+++ Records shown

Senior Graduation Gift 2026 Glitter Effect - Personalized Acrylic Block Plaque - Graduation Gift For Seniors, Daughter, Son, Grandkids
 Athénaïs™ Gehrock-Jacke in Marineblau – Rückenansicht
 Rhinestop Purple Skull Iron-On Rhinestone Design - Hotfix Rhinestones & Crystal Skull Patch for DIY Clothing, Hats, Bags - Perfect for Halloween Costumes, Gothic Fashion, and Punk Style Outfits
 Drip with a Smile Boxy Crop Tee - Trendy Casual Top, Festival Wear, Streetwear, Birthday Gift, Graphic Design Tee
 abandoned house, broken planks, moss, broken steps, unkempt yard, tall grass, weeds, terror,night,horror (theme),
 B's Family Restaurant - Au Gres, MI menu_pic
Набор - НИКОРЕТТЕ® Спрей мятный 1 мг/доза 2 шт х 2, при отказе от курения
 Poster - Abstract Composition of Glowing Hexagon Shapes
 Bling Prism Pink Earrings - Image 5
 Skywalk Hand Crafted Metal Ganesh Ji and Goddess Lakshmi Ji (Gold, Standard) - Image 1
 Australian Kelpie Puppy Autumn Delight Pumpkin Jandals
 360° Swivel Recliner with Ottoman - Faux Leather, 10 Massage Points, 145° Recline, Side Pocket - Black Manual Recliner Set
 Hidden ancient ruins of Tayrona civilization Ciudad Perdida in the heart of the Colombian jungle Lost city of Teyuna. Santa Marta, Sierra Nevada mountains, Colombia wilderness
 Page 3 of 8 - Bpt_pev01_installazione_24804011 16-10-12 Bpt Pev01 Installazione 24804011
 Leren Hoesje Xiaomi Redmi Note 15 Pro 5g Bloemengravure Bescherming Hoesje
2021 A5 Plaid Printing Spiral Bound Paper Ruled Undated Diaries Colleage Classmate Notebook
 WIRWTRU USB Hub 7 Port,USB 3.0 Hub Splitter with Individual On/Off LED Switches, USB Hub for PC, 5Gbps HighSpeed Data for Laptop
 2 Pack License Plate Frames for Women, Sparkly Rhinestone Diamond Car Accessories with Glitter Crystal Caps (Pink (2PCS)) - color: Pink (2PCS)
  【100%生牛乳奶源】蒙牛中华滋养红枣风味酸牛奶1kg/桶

++++++

- Your objective -
Would you return each line of the material above, unchanged, from the first one through the line where "Набор - НИКОРЕТТЕ®" appears?

- Result for this exercise -
Senior Graduation Gift 2026 Glitter Effect - Personalized Acrylic Block Plaque - Graduation Gift For Seniors, Daughter, Son, Grandkids
 Athénaïs™ Gehrock-Jacke in Marineblau – Rückenansicht
 Rhinestop Purple Skull Iron-On Rhinestone Design - Hotfix Rhinestones & Crystal Skull Patch for DIY Clothing, Hats, Bags - Perfect for Halloween Costumes, Gothic Fashion, and Punk Style Outfits
 Drip with a Smile Boxy Crop Tee - Trendy Casual Top, Festival Wear, Streetwear, Birthday Gift, Graphic Design Tee
 abandoned house, broken planks, moss, broken steps, unkempt yard, tall grass, weeds, terror,night,horror (theme),
 B's Family Restaurant - Au Gres, MI menu_pic
Набор - НИКОРЕТТЕ® Спрей мятный 1 мг/доза 2 шт х 2, при отказе от курения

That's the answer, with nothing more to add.